(ASSIGNMENT) In this exercise, retype exactly the lines from the start of the entries through the line bearing "Ceva in apa - Nemira", leaving every picture out.
------------
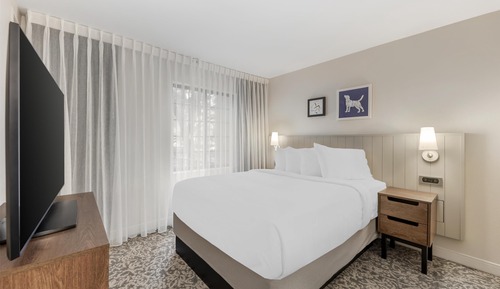 Suite, 1 cama de matrimonio con sofá cama (One Bedroom)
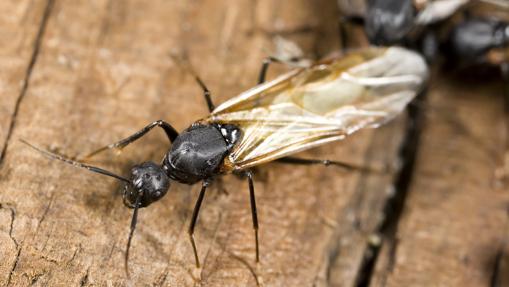 ¿Por qué hay hormigas aladas en otoño?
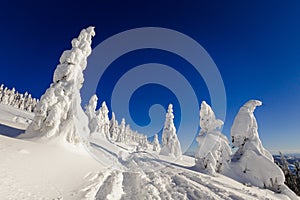 Winter trekking Beskidy mountains Rysianka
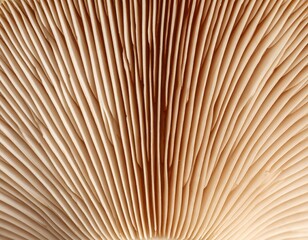 Close-up view of mushroom gills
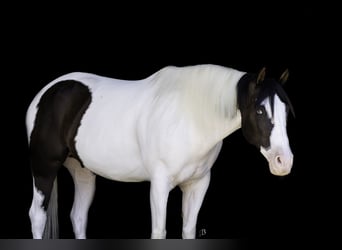 Paint Horse, Wallach, 9 Jahre, 163 cm, Tobiano-alle-Farben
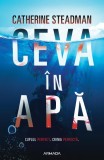Ceva in apa - Nemira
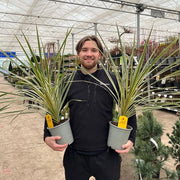 Cordyline australis 'Torbay Dazzler' 1.5L - InStock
------------
(SOLUTION)
 Suite, 1 cama de matrimonio con sofá cama (One Bedroom)
 ¿Por qué hay hormigas aladas en otoño?
 Winter trekking Beskidy mountains Rysianka
 Close-up view of mushroom gills
 Paint Horse, Wallach, 9 Jahre, 163 cm, Tobiano-alle-Farben
Ceva in apa - Nemira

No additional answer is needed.